REPUBLIKA.CO.ID, JAKARTA -- Nilai Tukar Petani (NTP) nasional Januari 2022 sebesar 108,67 atau naik 0,30 persen dibandingkan bulan sebelumnya. Badan Pusat Statistik (BPS) pada Rabu (2/2/2022) menyebutkan kenaikan NTP nasional Januari 2022 diakibatkan kenaikan Indeks Harga yang Diterima Petani (lt) sebesar 0,81 persen lebih tinggi dibandingkan penurunan Indeks Harga yang Dibayar Petani (lb) sebesar 0,50 persen.
Kenaikan NTP nasional Januari 2022 juga dipengaruhi oleh naiknya 3 subsektor, yakni tanaman pangan (0,98 persen); tanaman perkebunan rakyat (0,27 persen); dan peternakan (0,43 persen). Sementara itu subsektor perikanan relatif stabil dan subsektor tanaman hortikultura mengalami penurunan (2,95 persen).
Menanggapi hal tersebut, Sekretaris Umum (Sekum) Dewan Pengurus Pusat (DPP) Serikat Petani Indonesia (SPI), Agus Ruli, menyebutkan tren kenaikan NTP nasional harus terus dilanjutkan. Ia menilai pemerintah harus menerapkan strategi yang tepat, mengingat ke depannya akan memasuki musim panen raya.
“Pada bulan Januari 2022 lalu kita lihat NTP subsektor tanaman pangan berada di atas standar impas, dan ini tentunya hal positif yang harus diapresiasi. Tetapi kita harus mengantisipasi bulan-bulan ke depan, karena sudah masuk musim panen. Kita mengkhawatirkan akan kembali terjadi penurunan di tingkat petani,” kata Agus dalam keterangan tertulisnya, Ahad (6/2/2022).
“Untuk NTP pangan, perkebunan dan hortikultura juga mengalami kenaikan biaya produksi dan penambahan biaya modal sebanyak 0,53 sampai 0.83 persen. Ini terkait dengan peningkatan harga pupuk subsidi,” kata dia menambahkan.

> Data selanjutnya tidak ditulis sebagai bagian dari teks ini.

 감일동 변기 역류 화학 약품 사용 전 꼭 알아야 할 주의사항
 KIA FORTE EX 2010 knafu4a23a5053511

Sebagaimana diketahui, kenaikan NTP subsektor tanaman pangan selama Januari 2022 lalu ditopang oleh kenaikan kelompok penyusun yakni padi (1,89 persen) dan juga kelompok palawija, khususnya ketela pohon dan kacang tanah (0,31 persen).
Laporan anggota SPI di beberapa wilayah menyebutkan harga gabah di tingkat petani sudah mengalami penurunan. Di Tuban, Jawa Timur misalnya, di akhir bulan Januari lalu harga Gabah Kering Panen sudah mencapai Rp 4.500 per kg padahal di awal sempat di kisaran Rp 5.000 per kg.
Begitu juga di wilayah-wilayah lainnya, seperti Banyuasin Sumatra Selatan maupun Rejang Lebong Bengkulu, harga gabah memang berbeda-beda tetapi cenderung menurun menjelang musim panen.
Sementara itu, Agus Ruli juga menyoroti penurunan NTP subsektor hortikultura yang cukup besar, yakni sebesar 2,95 persen pada Januari lalu. NTP subsektor Hortikultura kembali turun, bahkan berada di bawah standar impas.
“Dari catatan kami, subsektor hortikultura memang cukup fluktuatif dibandingkan subsektor lainnya. Jika melihat laporan BPS, disebutkan bahwa hal ini dipengaruhi oleh turunnya indeks harga yang diterima petani untuk jenis tanaman cabai-cabaian," ujarnya.
Laporan dari anggota SPI di beberapa wilayah juga menyebutkan terjadi penurunan, seperti di Sukabumi, Jawa Barat; Aceh Tamiang, Aceh; Padang Lawas, Sumatera Utara; dan Kampar, Riau. Hal ini disinyalir disebabkan karena faktor cuaca yang kurang ideal selama Januari lalu,” paparnya.